As a newspaper, The Christian Chronicle tells the contemporary stories of Christians worldwide as we endeavor to inform, inspire and unite Churches of Christ.
Beyond what you see on the page is another story inside our spirits, a story of hope.
Hope itself is the biggest story of all time, and yet the Creator of the world already has written the ultimate account. Suffice it to say that a sufficient headline size does not exist to declare the enormity of the Son of God dying on a cross to save us from our sins.
Hope cannot be counted, defined or photographed. You can’t buy it, yet nobody lives well without it. It’s close to the core of what it means to be a Christian and a key component of the church community. Many struggle to define it, but it may be one of the Bible’s easiest doctrines to identify.
Whether a person has a desk in a corner office downtown or a sleeping bag under a freeway bridge, every person wants a reason to go on, a motivation to live.
Enduring hope pervades biblical teaching. From the rainbow over Noah to all of us under the reign of Christ, from the Promised Land to the promise of heaven, from offering up a sacrifice in the tabernacle to offering up praise in church, hope is the core thread and the common bond.
Churches are, in a sense, distribution centers of God’s hope. Sharing our hope with others should not depend on soaring Sunday morning attendance, but on faith in the ever-present biblical promise that “I will be with you.” Hope rises out of a relationship with God, not out of a rising budget or a growth trend. There’s a limitless supply whenever two or three gather.
When we base our hope on programs, building additions or a preacher’s ability, we put too much weight on the sand. But when we let our relationship with God and the promises of Christ fuel our congregational hopes, we find a way to survive. In many cases, we thrive.
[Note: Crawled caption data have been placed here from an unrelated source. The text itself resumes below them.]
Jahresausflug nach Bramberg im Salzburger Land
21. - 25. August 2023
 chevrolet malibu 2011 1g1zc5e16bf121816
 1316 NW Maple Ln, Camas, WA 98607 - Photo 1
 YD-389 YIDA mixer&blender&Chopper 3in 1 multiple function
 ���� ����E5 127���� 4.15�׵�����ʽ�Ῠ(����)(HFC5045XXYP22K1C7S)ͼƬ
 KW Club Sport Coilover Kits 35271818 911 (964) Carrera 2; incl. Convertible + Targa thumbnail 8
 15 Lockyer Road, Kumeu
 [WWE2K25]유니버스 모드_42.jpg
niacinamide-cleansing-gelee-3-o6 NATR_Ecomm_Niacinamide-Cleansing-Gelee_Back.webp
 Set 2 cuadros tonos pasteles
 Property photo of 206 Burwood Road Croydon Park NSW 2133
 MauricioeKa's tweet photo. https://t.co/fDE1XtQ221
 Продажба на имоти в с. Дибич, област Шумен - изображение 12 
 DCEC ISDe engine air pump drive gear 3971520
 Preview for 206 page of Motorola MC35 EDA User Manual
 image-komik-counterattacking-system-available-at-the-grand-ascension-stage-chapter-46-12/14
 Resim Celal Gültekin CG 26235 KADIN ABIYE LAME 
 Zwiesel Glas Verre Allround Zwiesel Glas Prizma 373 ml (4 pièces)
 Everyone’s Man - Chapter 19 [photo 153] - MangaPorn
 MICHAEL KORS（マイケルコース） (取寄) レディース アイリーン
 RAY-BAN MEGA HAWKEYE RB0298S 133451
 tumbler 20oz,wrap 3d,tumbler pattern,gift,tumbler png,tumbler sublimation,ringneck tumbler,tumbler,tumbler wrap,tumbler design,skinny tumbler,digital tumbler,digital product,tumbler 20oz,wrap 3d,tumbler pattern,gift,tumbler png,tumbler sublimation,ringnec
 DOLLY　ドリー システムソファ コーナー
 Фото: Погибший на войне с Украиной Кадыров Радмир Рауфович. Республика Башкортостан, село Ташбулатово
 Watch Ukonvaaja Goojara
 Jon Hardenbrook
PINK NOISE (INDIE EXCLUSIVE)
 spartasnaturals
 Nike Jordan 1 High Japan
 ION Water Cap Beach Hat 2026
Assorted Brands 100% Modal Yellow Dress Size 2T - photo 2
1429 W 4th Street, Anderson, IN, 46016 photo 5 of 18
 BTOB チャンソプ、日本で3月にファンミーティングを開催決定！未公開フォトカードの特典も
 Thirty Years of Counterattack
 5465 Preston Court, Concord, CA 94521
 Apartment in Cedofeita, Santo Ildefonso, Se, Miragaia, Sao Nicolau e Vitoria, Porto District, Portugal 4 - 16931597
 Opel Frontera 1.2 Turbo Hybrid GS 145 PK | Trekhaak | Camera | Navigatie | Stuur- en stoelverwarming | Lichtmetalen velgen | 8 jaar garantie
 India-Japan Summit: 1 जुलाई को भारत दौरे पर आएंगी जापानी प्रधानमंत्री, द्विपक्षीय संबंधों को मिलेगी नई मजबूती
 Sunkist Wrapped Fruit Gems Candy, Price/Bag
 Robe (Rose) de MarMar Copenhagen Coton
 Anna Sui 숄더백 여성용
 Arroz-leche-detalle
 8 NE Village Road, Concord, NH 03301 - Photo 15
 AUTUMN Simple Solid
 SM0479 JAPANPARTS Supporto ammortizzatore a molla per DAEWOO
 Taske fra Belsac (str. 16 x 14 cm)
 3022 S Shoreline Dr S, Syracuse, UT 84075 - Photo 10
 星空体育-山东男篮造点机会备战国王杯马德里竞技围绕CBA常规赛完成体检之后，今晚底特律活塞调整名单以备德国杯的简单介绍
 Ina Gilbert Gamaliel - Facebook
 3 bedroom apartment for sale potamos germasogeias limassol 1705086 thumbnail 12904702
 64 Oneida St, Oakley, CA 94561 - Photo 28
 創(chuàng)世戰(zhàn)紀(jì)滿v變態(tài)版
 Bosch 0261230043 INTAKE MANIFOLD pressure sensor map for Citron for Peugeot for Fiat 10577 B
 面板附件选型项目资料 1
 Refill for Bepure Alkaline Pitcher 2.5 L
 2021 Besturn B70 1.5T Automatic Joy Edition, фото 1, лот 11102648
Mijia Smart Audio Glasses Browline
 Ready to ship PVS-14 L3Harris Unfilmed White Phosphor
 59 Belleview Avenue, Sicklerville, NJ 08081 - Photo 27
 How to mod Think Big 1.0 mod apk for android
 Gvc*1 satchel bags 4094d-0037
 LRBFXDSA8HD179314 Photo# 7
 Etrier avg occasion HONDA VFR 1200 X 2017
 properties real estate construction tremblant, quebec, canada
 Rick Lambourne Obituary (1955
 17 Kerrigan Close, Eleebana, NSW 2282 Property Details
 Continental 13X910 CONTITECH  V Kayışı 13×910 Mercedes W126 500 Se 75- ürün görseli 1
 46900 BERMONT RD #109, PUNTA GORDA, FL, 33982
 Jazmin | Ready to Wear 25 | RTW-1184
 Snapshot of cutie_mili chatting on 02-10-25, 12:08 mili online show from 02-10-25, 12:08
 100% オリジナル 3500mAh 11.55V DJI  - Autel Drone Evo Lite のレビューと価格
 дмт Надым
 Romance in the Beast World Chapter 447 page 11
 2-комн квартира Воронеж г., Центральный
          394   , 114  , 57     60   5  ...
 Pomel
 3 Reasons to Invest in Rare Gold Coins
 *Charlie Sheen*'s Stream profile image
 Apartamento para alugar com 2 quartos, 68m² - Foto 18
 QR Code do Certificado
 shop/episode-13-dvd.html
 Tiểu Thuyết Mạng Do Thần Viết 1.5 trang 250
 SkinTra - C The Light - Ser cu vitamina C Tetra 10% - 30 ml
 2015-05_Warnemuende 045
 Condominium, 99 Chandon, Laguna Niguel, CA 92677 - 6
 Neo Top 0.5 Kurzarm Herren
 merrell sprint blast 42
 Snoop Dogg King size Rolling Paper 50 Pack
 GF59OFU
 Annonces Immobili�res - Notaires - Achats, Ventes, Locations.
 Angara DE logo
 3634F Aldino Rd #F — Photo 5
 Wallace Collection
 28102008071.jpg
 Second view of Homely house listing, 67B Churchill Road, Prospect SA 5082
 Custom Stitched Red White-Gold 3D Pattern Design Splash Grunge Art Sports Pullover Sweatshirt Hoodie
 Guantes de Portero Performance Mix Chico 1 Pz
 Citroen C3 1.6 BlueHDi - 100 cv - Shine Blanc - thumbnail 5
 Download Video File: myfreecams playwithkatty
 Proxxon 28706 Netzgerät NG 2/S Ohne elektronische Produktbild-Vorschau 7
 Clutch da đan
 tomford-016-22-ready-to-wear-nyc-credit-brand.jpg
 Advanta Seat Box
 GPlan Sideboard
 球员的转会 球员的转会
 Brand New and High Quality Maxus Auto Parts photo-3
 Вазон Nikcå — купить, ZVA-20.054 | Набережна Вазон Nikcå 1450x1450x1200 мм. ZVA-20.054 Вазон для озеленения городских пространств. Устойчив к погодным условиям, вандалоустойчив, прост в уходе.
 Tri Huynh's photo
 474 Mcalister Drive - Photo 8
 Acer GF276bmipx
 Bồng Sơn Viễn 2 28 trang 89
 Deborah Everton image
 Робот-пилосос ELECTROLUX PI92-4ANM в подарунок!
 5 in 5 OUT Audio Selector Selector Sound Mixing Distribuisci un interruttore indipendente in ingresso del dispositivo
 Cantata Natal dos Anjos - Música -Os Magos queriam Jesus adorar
The favorite Bible verses of young and old generally focus on hope, whether we find strength in, “The Lord is my shepherd, I shall not be in want” or in “In all things God works for the good of those who love him, who have been called according to his purpose.” Whether we can quote Isaiah 41:10 or Romans 8:31, we cherish hope. It’s the antidote to discouragement and frustration. It counters our sense of loneliness and isolation. Hope can make the difference between leaving church on Sunday with a “What a joy to be in the fellowship of the saints” or an “I’m glad that’s over.”
When hope drawn from God fills our individual soul and permeates the atmosphere at the local congregation, it’s not long before others find out about the people who have hope. We’re not saying hope makes churches grow, but that hope is what we all want, and it’s readily available because of what God has done in Christ for all of us.
Hope is absolutely critical, entirely indispensable, centrally biblical and eternally available. Hope is remarkably relevant to both the modern and the post-modern, to people of every race, to Christians of all generations.
Our desire is that behind all that we report, readers will see a hopeful people who draw their strength not from what they do, but from what almighty God already has done for them.